El 19 de julio de 1922, un día antes de la gran fiesta patria, Manizales vivió, en grandes proporciones porque la ciudad perdió dos manzanas, el flagelo del fuego. Relata Luis Londoño en su obra “Manizales” del año 1936, que para esa fecha se habían congregado de todos los colegios del departamento, alrededor de 500 niños y niñas para participar en el desfile y celebración del 20 de Julio.
El fuego se inició a las 3:00 de la mañana en una fábrica de velas y arrasó la actual calle 19 entre las carreras 20 y 21. Tenía allí los talleres el recién fundado periódico LA PATRIA; el comerciante alemán Alfred Held su almacén; fuera de sus viviendas, los comerciantes al por mayor don José María, Marco y Joaquín Gómez.
Ese flanco de la manzana sufrió la fuerza del fuego y las demás casas de esa manzana fueron derruidas para localizar el fuego a esa sola manzana. Esta estrategia surtió efecto en ese costado, pero el fuego saltó a la manzana del frente, a la casa de mi bisabuelo don Jorge Germán Hoyos y a los bajos, donde Luis Eduardo Yepes, comerciante que poco después fundaría el LEY, tenía un granero.

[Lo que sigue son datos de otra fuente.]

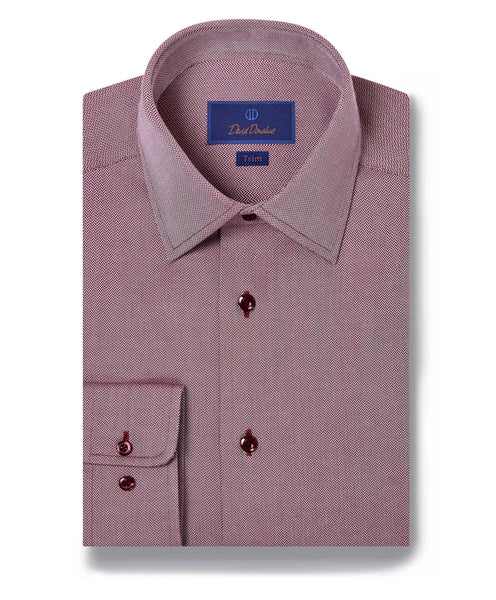 TBSP09001615 | Merlot Micro Herringbone Dress Shirt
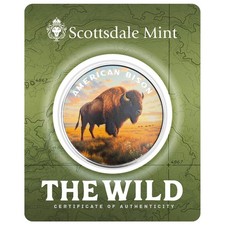 1 oz Silver - The Wild | American Bison .999 Silver Color Round in Certi-Lock® 108.67 per troy oz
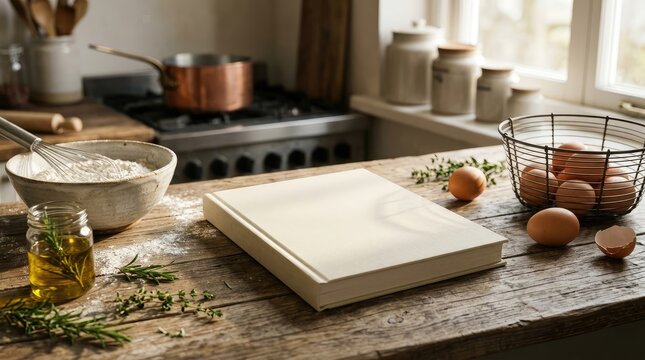Preparing baking ingredients on rustic wooden countertop near kitchen stove with Baking supplies arranged wooden surface flour flour eggs herbs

Cuenta el cronista que muchos de estos niños excursionistas ayudaron a trastear mercancías y enseres a la Plaza Bolívar o al frente del Colegio de La Presentación, pero que fue el atleta ruso barón de Roland, el hombre más fuerte del mundo, que, dentro de su gira hacía escala en Manizales, el que salvó el piano de la casa de don Jorge G. echándoselo al hombro y depositándolo en la calle a prudente distancia de las llamas.
Esta manzana igualmente fue destruida para limitar el daño del fuego. A las 9:00 de la mañana todo había terminado y solo al siguiente día hubo dos muertes que lamentar: un policía y un peluquero que, acalorados fueron mojados por el remedo de bomba que se instaló para combatir las llamas. Este incendio, al parecer solo fue el preludio de lo que iba a herir de muerte a la ciudad que en el año 1924 celebraría sus setenta y cinco años de fundación. En 1925 se perderán durante el gran incendio 216 casas, entre ellas el edificio de la Gobernación y, al año siguiente, en 1926, se quemaría la catedral de madera.
Esta racha de desastres anunciados, porque el tipo de vivienda, especialmente sus materiales, se prestaban para esta clase de siniestros, poco le enseñó a la comunidad, la cual creyó que, con adquirir pólizas de seguros, protegería suficientemente sus negocios, ya que no se implementó el cuerpo de bomberos idóneo o se reglamentó la construcción para mitigar la amenaza de las llamas.
La rápida reconstrucción de la ciudad creó la sensación de un poder ilimitado de los manizaleños. Escribía el leopardo Augusto Ramírez Moreno en esos días: “…En lo futuro, dentro de diez a veinte años, Manizales, después de Barranquilla, será la que tenga en Colombia, más rascacielos…”. Pero ese ánimo alcanzó para darle una nueva fisonomía arquitectónica a la ciudad, edificándola en un estilo muy europeo que se diferenciaba del tradicional bahareque, pero que no tuvo la fuerza suficiente para remediar la fuga de capitales que mermó fuertemente el poder económico y después político de Manizales hasta que se le disputara la capitalidad del departamento de Caldas, surgiendo dos capitales nuevas con sus respectivos departamentos.
Los desastres ígneos no solo remodelaron la ciudad en lo urbano, se aprovechó y se niveló el terreno, sino que creó un espíritu cívico. La generación que vivió el incendio y la que le sucedió se formó con el afán de reconstruir la ciudad, de aportar para que la ciudad no se extinguiera. Se pensaba en términos colectivos desahuciando necios individualismos o afanes desmedidos de lucro. Esto no significó que no se hicieran presentes líderes como Alejandro Gutiérrez, Aquilino Villegas o el padre Adolfo Hoyos Ocampo, que captaron, con sus recias personalidades, la voluntad de la comunidad y acoplaron la tarea de refundar a la ciudad. Ellos, un paso delante de la comunidad, convirtieron en una obra de construcción a toda la ciudad, donde el más importante insumo empleado era el civismo que, igual al cemento, creó unas bases que hoy en día son patrimonio cultural. A un manizaleño de esa época le era grato, por no decir urgente,
servirle a su ciudad lastimada, actitud que contrasta con la manera como procedemos los manizaleños hoy en día. ¡Me imagino el proyecto de Aerepalestina en manos de un Aquilino Villegas o de un padre Adolfo Hoyos!
Estos desastres, cien años después, deben ser memorados para aprender de ellos y asimilar la lección que la vida imparte, y así comprender a la ciudad y poder vislumbrar su futuro, que no está exento de amenazas.